Pergunta sobre as atividades da biblioteca – uma vizinha está interessada em trazer a filha. “Então… a biblioteca promove semanalmente mediações de leitura às terças e quartas-feiras, diariamente fazemos empréstimos de livro, e domingo que vem, passando este, pela manhã teremos o Pé Na Rua. O Pé Na Rua a senhora sabe, né? É aquela atividade que fechamos a rua daqui da instituição, e aí acontecem atividades bem variadas. Por exemplo, as esportivas e tendas para leitura”. Com um sorriso afetuoso me agradece pelos livros e pelas informações. Sai da biblioteca como premiada pela sorte nesse momento frágil do filho.
Vou lanchar e reparo que já são quase dezesseis horas. O céu ainda claro traz uma boa sensação de semana bem vivida. Tive muitas surpresas, experiências imensuráveis que energizam os dias. Acolhi nesses dias a gratidão de uma mãe que relatou empolgada as mudanças na filha. De menina tímida que não queria ficar sem a mãe nas mediações de leitura a uma menina extrovertida que agora a mãe disse com humor não sabe mais como desligar. Menina, o mundo é seu!
Retorno à sala e sento novamente, confortavelmente, em frente ao computador. Digito mais palavras que dão continuidade a essa jornada. Trabalhar em biblioteca comunitária é uma mistura de lúdico, militância, escuta, acolhimento, hora da história, resistir sempre. Na misturada vamos vendo o mundo afora dando voltas no tempo, passeando pelas narrações.
Assim, a biblioteca vai com a Kombi Literária, que se transforma em um castelo medieval e passeia pelas ruas da instituição, levando contação de histórias. Com o Itinerarte, as escolas do bairro recebem contação de história e mediação de leitura. Histórias e Quintais é uma atividade da instituição que a biblioteca contribui. Atividade em um quintal familiar, ou outras instituições com espaço grande e aberto. As pessoas contam histórias e memórias. No movimento de saída a biblioteca se faz presença forte dentro da comunidade.
A partir da entrada da biblioteca para a Rede Jangada Literária foi possível compreender a organização do espaço, ampliar o acervo, melhorar a mobília, ter uma pessoa fixa para trabalhar na biblioteca, nas mediações de leitura e atividades literárias.
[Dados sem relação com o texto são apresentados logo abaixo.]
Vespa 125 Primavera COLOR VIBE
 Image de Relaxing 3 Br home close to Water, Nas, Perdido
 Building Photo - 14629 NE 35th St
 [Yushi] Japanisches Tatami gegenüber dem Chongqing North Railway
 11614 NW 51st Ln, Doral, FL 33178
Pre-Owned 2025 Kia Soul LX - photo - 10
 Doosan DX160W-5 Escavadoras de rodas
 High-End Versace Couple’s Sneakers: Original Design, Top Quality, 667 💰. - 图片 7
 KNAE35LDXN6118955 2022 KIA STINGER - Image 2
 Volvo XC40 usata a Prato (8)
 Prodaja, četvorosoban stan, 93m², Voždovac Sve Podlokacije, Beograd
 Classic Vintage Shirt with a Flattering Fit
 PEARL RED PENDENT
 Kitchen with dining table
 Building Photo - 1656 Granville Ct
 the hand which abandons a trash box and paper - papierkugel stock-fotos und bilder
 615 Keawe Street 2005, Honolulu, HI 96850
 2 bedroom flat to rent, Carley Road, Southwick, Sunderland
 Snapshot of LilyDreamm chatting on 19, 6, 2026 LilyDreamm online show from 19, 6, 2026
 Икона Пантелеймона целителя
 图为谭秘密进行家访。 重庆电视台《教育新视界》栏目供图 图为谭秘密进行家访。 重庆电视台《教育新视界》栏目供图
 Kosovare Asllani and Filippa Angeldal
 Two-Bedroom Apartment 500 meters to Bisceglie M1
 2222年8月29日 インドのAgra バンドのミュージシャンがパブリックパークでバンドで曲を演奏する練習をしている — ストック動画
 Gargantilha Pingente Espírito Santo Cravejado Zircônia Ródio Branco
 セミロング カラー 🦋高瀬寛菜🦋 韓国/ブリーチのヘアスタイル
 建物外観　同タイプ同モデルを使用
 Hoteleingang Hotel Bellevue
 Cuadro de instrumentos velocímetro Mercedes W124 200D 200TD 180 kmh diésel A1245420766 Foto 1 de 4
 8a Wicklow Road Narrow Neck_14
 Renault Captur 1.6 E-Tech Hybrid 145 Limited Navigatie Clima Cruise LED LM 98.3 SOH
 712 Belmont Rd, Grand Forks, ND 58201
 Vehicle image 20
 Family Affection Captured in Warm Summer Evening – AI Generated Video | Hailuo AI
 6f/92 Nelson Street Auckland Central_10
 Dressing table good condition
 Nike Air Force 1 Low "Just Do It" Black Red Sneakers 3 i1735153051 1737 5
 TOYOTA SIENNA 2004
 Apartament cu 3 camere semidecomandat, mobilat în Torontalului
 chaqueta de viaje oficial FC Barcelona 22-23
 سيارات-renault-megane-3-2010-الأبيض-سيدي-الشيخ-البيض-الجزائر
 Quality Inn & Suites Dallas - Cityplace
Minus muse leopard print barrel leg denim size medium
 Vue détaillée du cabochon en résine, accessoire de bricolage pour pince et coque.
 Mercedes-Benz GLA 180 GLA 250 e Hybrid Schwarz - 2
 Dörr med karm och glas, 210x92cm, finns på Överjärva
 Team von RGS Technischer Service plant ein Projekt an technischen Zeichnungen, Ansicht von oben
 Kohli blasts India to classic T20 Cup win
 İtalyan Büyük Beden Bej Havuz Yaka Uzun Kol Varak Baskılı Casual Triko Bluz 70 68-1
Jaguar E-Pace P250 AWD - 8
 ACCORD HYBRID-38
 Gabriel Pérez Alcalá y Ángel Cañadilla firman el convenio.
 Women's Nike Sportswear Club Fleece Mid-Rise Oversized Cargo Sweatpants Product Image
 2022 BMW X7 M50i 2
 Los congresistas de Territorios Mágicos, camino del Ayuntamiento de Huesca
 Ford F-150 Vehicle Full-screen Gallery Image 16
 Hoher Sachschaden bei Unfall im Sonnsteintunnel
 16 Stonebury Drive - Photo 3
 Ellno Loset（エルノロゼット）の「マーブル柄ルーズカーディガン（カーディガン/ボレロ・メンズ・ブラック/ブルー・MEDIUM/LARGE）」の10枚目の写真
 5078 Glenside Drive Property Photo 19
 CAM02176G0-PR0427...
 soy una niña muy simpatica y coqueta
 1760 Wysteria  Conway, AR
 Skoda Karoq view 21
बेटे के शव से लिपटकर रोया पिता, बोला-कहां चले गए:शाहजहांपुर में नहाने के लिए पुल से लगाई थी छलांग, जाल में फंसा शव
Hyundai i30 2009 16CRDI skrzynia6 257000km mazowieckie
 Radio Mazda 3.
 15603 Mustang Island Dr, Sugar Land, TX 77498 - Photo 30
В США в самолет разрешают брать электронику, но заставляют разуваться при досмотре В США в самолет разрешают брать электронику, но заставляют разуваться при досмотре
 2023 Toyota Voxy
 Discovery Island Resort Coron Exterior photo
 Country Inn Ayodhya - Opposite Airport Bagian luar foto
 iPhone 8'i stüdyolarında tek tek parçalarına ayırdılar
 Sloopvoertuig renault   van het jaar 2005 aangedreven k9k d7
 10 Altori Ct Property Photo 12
Integrar a Rede fortaleceu a existência da biblioteca na comunidade e contribuiu com o processo de conscientização do seu papel. Começando um trabalho de incidência política pela leitura como direito humano.
Em meio à insegurança do bairro, a biblioteca é importante por ser um equipamento que difunde para a comunidade um espaço de cultura, de aprendizado e novas possibilidades. As famílias encontram um lugar diferente, aconchegante e inspirador. Inspiração que extravasa e dá lugar a novas descobertas. De si e do mundo.
O sol vai sumindo e marca o final da tarde. Não termino a história com um ponto final, mas prossegue com reticências. Gratidão pela semana, pelo dia, pela tarde que finda e por uma noite que logo, logo chegará. Gratidão pelas pessoas envolvidas que acreditaram e continuam acreditando na força na biblioteca firmada em concreto e livre em cada pessoa que é um universo.